Regular reinforcement. Art. 9(4)(c)'s training mandate should not be interpreted as an annual checkbox exercise. Effective insider risk awareness requires continuous reinforcement: regular communications, simulated scenarios, lessons-learned briefings from actual incidents (anonymized), and integration into operational routines.
Measuring Insider Risk Management Effectiveness
Art. 6's ICT risk management framework and Art. 14's board reporting requirements create an obligation to measure and report on insider risk management effectiveness. Key metrics include:
- Mean time to detect insider incidents (target: days, not months)
- Percentage of staff completing awareness training (target: 100% within mandated timeframes)
- Phishing simulation click rates (trend analysis, not absolute targets)
- Access review completion rates (target: 100% for privileged accounts quarterly)
- Insider incident root cause categories (to identify systemic gaps)

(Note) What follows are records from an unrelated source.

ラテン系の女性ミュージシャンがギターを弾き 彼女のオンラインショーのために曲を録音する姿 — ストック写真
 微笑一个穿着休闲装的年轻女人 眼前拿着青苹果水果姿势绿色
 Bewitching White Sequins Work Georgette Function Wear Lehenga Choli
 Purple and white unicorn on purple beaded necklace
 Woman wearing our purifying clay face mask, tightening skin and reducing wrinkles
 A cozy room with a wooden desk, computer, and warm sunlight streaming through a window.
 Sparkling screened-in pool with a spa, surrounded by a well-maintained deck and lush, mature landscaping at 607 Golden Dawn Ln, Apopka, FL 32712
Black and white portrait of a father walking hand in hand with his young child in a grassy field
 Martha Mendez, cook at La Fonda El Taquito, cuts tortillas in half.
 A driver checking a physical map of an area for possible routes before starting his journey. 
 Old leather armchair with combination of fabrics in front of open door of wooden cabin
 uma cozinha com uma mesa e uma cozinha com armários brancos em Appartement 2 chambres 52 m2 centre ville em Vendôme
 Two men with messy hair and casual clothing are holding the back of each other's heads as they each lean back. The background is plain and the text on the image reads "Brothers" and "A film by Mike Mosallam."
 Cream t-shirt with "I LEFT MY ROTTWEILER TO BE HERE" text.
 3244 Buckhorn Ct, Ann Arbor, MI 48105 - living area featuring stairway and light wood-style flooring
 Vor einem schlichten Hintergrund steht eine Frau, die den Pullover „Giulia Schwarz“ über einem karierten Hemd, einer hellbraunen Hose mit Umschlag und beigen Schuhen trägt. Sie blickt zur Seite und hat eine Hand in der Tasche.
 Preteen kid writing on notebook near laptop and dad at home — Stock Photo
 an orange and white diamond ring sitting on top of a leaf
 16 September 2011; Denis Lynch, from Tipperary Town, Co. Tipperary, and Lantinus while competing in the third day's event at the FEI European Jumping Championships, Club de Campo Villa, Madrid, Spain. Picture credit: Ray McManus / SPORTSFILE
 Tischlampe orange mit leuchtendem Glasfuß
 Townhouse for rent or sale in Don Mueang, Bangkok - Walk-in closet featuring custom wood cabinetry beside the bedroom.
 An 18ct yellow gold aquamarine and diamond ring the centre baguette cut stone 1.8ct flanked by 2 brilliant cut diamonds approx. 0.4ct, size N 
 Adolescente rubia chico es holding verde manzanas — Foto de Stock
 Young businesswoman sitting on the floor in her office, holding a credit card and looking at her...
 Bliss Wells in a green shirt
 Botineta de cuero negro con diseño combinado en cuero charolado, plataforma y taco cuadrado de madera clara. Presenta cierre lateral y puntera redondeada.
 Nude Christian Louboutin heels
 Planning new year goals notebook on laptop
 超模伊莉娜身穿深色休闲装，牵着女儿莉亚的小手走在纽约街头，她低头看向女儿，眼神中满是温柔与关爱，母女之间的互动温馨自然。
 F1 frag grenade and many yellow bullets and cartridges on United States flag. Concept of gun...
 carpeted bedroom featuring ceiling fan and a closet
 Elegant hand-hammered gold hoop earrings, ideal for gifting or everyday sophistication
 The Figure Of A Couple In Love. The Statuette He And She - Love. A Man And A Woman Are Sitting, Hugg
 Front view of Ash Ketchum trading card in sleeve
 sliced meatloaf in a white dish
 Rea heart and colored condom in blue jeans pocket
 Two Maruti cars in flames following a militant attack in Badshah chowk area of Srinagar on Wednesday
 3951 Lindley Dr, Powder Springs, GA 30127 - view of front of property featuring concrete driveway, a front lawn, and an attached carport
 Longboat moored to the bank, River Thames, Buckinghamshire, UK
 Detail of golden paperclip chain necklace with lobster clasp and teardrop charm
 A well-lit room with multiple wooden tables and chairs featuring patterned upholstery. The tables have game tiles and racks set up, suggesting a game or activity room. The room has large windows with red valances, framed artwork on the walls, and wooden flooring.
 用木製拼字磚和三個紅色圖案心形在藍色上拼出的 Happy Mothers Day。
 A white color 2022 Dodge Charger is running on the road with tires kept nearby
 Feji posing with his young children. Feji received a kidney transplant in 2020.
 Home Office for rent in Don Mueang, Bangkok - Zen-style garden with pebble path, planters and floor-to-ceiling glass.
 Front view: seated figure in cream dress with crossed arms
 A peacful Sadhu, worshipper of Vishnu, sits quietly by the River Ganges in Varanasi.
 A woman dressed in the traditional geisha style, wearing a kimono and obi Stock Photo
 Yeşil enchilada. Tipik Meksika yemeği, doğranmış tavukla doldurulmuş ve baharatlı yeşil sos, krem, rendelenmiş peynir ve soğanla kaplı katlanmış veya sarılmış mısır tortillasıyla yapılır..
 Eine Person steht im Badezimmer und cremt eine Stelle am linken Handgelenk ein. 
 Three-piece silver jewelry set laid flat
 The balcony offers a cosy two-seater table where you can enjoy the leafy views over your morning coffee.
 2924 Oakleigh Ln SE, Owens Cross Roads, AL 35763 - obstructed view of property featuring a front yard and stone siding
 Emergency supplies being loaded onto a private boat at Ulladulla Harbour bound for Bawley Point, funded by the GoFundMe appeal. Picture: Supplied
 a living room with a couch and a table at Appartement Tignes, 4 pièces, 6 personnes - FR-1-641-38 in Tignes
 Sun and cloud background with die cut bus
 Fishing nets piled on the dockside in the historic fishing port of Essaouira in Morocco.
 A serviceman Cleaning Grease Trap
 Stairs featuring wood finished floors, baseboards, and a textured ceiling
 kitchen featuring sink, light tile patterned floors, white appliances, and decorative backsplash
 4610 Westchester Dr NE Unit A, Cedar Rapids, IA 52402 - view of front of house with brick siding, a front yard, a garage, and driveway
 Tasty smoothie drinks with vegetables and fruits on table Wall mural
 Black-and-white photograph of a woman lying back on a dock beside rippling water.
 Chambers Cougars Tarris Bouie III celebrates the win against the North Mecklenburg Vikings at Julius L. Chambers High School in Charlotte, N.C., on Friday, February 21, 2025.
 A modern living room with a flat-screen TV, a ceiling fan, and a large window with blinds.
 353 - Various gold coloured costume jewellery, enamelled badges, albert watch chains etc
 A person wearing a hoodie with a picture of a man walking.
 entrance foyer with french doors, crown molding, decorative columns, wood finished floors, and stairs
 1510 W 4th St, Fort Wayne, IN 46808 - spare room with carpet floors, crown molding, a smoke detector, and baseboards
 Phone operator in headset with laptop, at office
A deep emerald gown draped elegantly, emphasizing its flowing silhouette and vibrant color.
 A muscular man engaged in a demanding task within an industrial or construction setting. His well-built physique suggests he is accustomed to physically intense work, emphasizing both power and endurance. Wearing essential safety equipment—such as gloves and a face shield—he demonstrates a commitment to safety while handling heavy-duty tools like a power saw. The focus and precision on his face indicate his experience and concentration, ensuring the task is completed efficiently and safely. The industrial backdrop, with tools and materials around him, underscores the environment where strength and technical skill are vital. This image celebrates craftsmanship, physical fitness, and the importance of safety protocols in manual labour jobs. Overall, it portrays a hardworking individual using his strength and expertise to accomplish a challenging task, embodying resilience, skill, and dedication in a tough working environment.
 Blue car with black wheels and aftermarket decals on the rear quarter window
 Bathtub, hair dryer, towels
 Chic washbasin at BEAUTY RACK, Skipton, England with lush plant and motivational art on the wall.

- Time from insider incident to framework update (measuring Art. 13 learning effectiveness)
These metrics should be reported to the management body as part of the Art. 14 ICT risk communication, providing the board with visibility into the institution's human-centric security posture.
The 32% Imperative
The 32% statistic is not a historical curiosity — it is a current operational reality. One in three major breaches in European banking involves an insider. DORA provides the regulatory framework to address this: mandatory training (Art. 9(4)(c)), governance obligations (Art. 5), continuous learning (Art. 13), and integrated incident management (Art. 17-23).
But the framework is only as effective as its implementation. Institutions that treat Art. 9(4)(c) as an annual e-learning module and Art. 13 as a post-incident report filing exercise will continue to experience the consequences of the 32%. Those that build comprehensive insider threat management programmes — integrating prevention, detection, response, and continuous improvement — will reduce their exposure to the threat that sits at the next desk.
This analysis reflects aggregated SOC reporting data from European banking institutions and DORA Regulation (EU) 2022/2554 Articles 5, 9, 13, and 17-23 as applicable to insider threat management.